You're shrewd, too. You remind me of Jerry Lewis in that way. The practical, hard-headed funny guy. You did some time in the dreadful Aristocrats, and you refused to get pulled in to telling that awful joke. You dropped a brief token obscenity. But you stayed aloof, like Robin Williams, a comic genius who provided almost the movie's only funny moments.

And you had them filming you while you were in a star situation, in your dressing room being groomed for, one assumed, your show. The impression you produced was that this movie, The Aristocrats, was small-time, about as important as the pomade you put on your hair before the big-time event that is "The Daily Show." I admired your manipulativeness. It was as if you sensed that something was off about that third-rate comic, Penn Jillette, who ended up creating a movie that made other comics look unfunny, mad to please the camera, as helpless to resist invitations to tell the joke as the critics were to resist the pressure to look hip and sexy and praise the film. It was really a movie about how easy it is to kill off implicitness in comedy. Eagerness to please the camera, implicitness--that brings me back to the young thing.

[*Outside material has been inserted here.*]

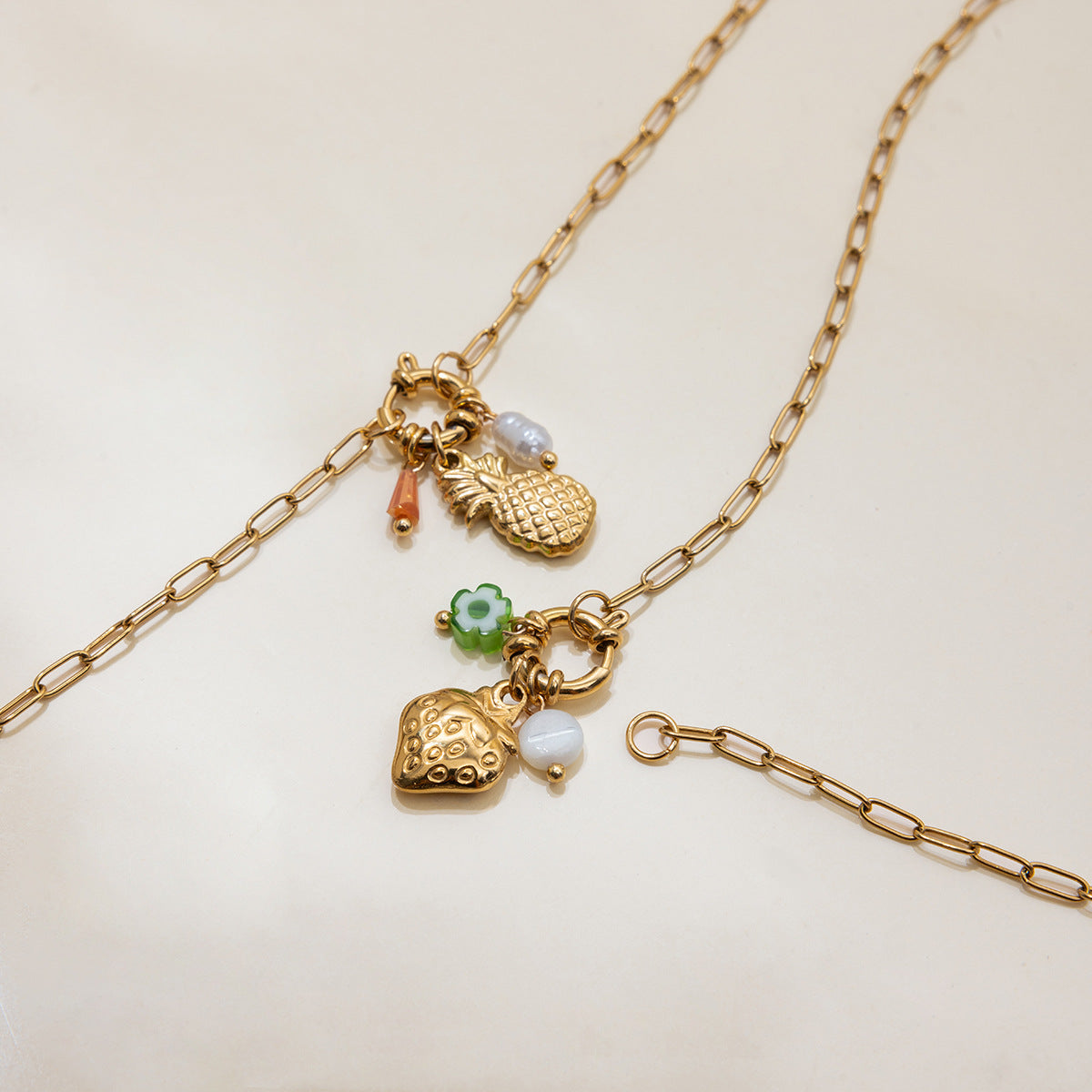 Gold chain necklace with various charms on a light beige background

I see, Jon, that you're still doing the easy bits at the beginning, showing Bush or Rumsfeld uttering some absurdity, or what seems to be a lie, and then adding a kicker, or simply making a funny face. The kicker always makes explicit the comical juxtaposition. Nothing is left to ironic chance. One segment that tried to satirize Anderson Cooper and the new crop of anchorperson-emoters started off beautifully. I thought real comedy was on its way. We saw the guy playing "The Daily Show" correspondent resolve to out-feel Cooper and the other actors. He gravely and emotionally tells an astonished reporter: "I refuse to interview a woman who is menstruating." It's very funny. And then he ruins the whole conceit by declaring, explicitly, that he is going to out-emote the competition, concluding like this: "I've shot enough footage to sell to the networks. Suck it, Anderson Cooper." Why the cue cards for the audience? You think they're dumb or something?